Fig. 4: The scale-platforms to harmonize environmental information and find logical 'meeting places' between scales were produced by the author for UNEP, the United Nations Environmental Programme HEM - Harmonisation of  Environmental Measurement office. The 'flying' magnifying glass - Environmental Protection with the Eagles Eye in the German 'Scientific American' magazine: (Bild der Wissenschaft - Fliegende Lupe - Umweltschutz mit Adlerblick are further exhibition pieces of the GLOBAL CHANGE exhibition and were developed by the author to show epochal change and how we can map ecological dynamics. As the human apparatus has no 'ecological feeling for time scales (Gregory Bateson) (high-dimension of the cube) and no 'antenna' for scale-platforms (depth dimension of the cube) and how these scales interaction, it was indicated to embody this dimensions in an artificial situation or issue space, a space-scape with a nested higher order. The key benefit is the possibility to move around the 'box' and share views and relations and even point at such abstract and complex situations which can typically not be outlined and combined. The background of the approach for selective exploration with high resolution cameras and sensors (flying magnifying glass) was called by the author TOPOGRAMM, a chain of methods to combine data acquisition and management. The picture is taken from an article in GEO-ÖKÖ-DYNAMIC X,2/3- 1989, an article presented at the first International Geo-ecological/Geo-morphologic Congress with the title: Large Scale Biomonitoring for Renaturation. More details and publications are available on request.
 

Fig 5: Any subject can be explored in a holistic design with varying depth and flexible theme compositions. The flexible and nested crystal cell framework for understanding and orientation presents locations and relations and can display life-cycles and enfolded episodic and epochal change. In this new realm we can jointly discuss proportions and consequences with 'new eyes' and more importantly have a combination of three holarchies, or three hierarchical scales in one picture, as SPACE three dimension which help us to overcome heretical (one-dimensional) tree structures or for the human mind hard to follow and understand complex network structures.

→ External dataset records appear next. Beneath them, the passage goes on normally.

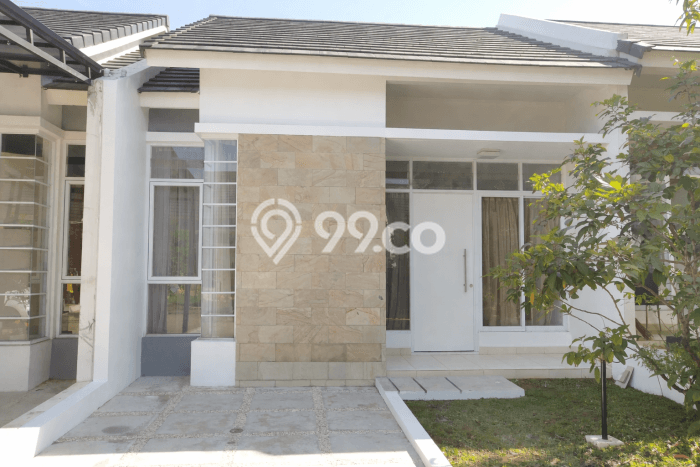 Rumah Modern Minimalis 2 KT Bisa Langsung Pindah di Gunung Sindur Rumah Modern Minimalis 2 KT Bisa Langsung Pindah di Gunung Sindur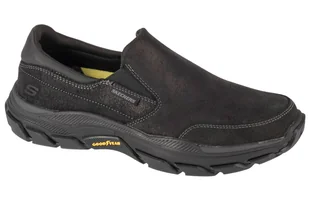 Skechers Respected - Calum 204480-BBK, Męskie, półbuty, Czarne - Półbuty męskie - miniaturka - grafika 1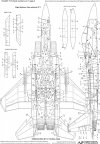 HobbyDecal ST32051V1 F-15 Panel numbers ver 1 1/32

2.2 The word-scape or term-/theme-scape (semantic space) based on samples used in universal library organization systems. One such scheme or global index is based on the square lambda, which is more suitable than spherical representations for this purpose, and is called the Information Coding and Classification (ICCa) by Ingetraut Dahlberg from the International Society for Knowledge Organization (ISKO). The matrix of global subjects and general form concepts, and a depth dimension (specific facets or categories) is a semantic exploratory navigation space, based on harmonic principles, enabling storage without redundancies as well as access and permutations within underlying structures and patterns.

3. Navigation and Orientation in the three realms or conceptual spaces, including cut and paste operations allow overarching retrieval, correlations and configurations beyond narrow category definitions, semantic hurdles, and cultural stipulations.